**Input data:**
━━━━━━━━━━━━━━━━━━━━━━━━━━━━━━
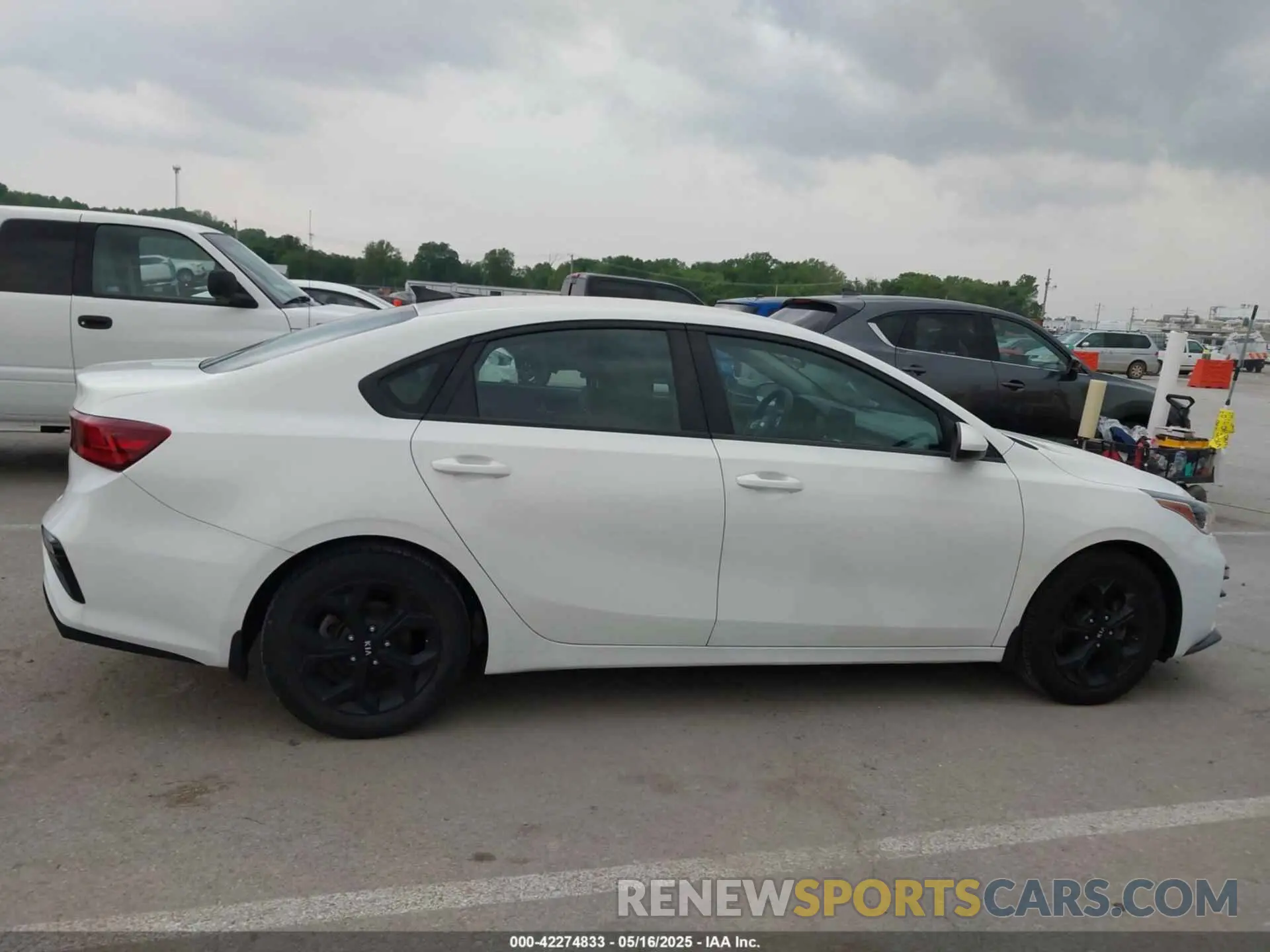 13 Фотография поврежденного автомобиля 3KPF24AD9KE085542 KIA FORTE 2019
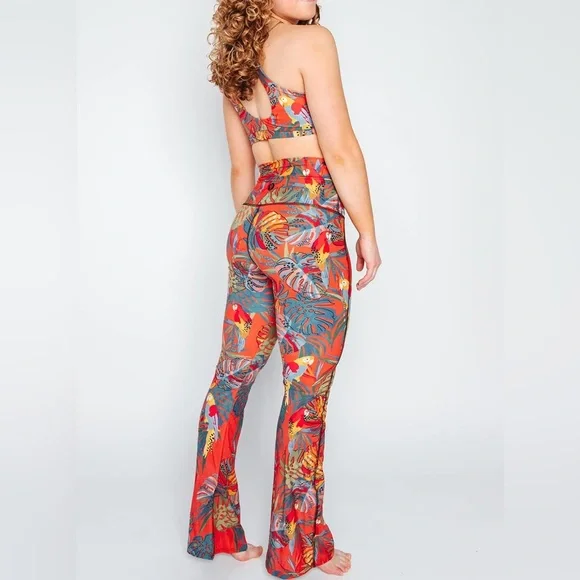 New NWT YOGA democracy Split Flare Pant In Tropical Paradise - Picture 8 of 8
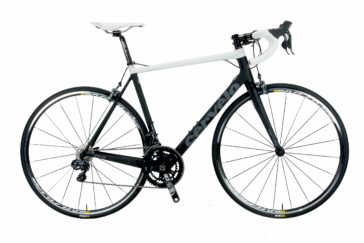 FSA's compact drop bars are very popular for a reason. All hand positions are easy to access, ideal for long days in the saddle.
━━━━━━━━━━━━━━━━━━━━━━━━━━━━━━
**Aim of the exercise:**
An exact copy of the data is required, with the pictures excluded.

**Exercise answer:**
 13 Фотография поврежденного автомобиля 3KPF24AD9KE085542 KIA FORTE 2019
 New NWT YOGA democracy Split Flare Pant In Tropical Paradise - Picture 8 of 8
 FSA's compact drop bars are very popular for a reason. All hand positions are easy to access, ideal for long days in the saddle.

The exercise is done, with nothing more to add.